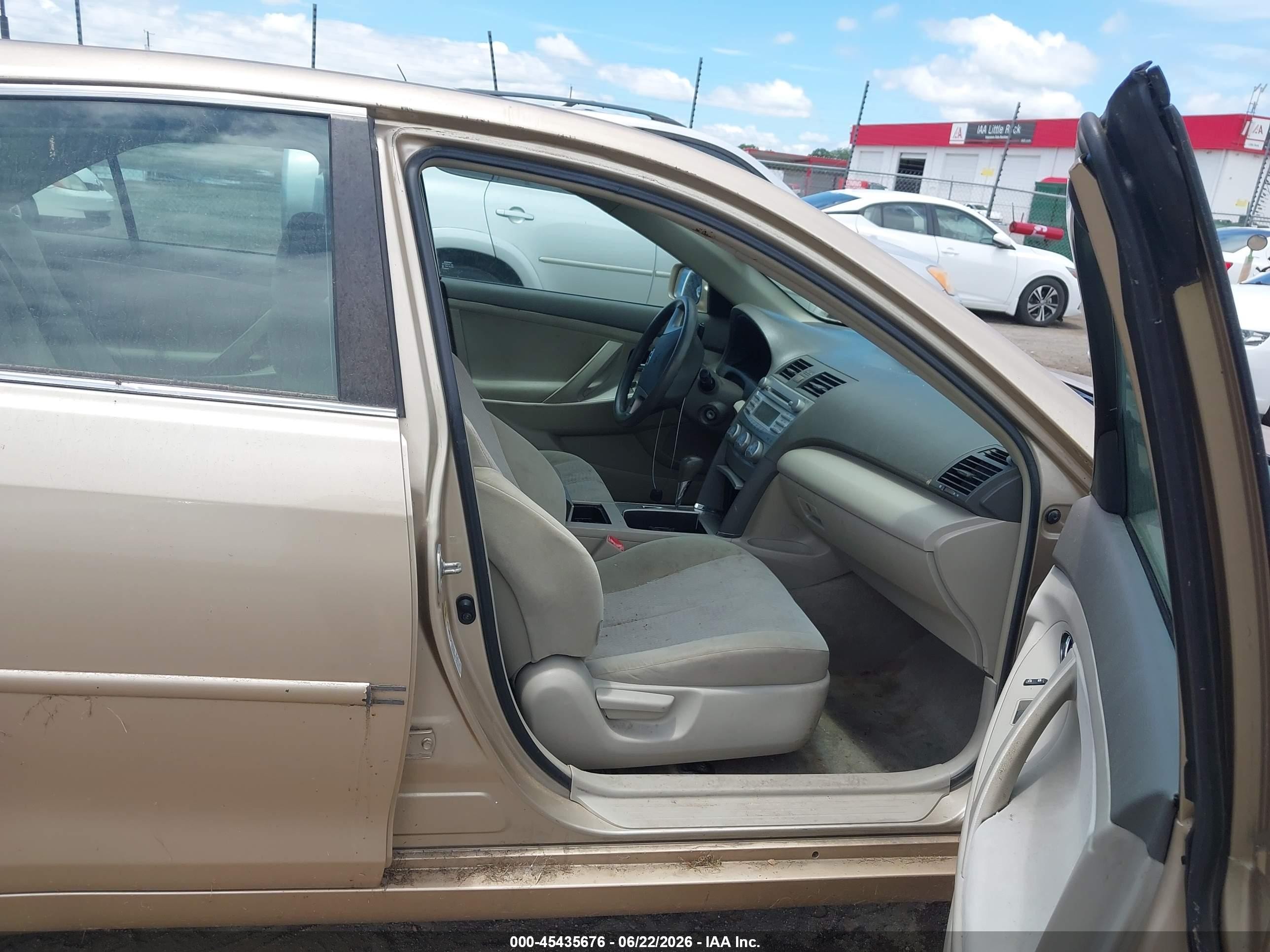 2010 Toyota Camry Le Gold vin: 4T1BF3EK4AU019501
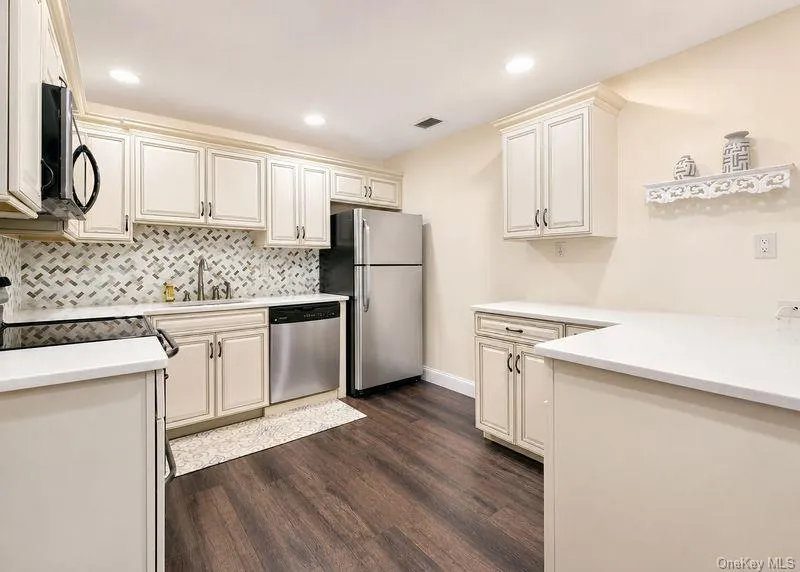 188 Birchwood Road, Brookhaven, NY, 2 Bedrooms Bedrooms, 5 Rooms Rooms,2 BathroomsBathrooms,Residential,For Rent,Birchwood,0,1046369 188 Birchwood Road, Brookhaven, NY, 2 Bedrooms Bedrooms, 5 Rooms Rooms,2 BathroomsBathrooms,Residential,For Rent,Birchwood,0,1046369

--

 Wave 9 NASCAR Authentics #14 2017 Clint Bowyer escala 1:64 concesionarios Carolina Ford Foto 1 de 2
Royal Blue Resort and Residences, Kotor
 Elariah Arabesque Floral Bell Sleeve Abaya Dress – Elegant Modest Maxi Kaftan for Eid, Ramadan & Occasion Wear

:: Requirement ::
Nothing should appear in the answer except the lines above from the line with "Royal Blue Resort and Residences, Kotor" through the line with "Elariah Arabesque Floral", both included, written out exactly.

:: Output of the exercise ::
Royal Blue Resort and Residences, Kotor
 Elariah Arabesque Floral Bell Sleeve Abaya Dress – Elegant Modest Maxi Kaftan for Eid, Ramadan & Occasion Wear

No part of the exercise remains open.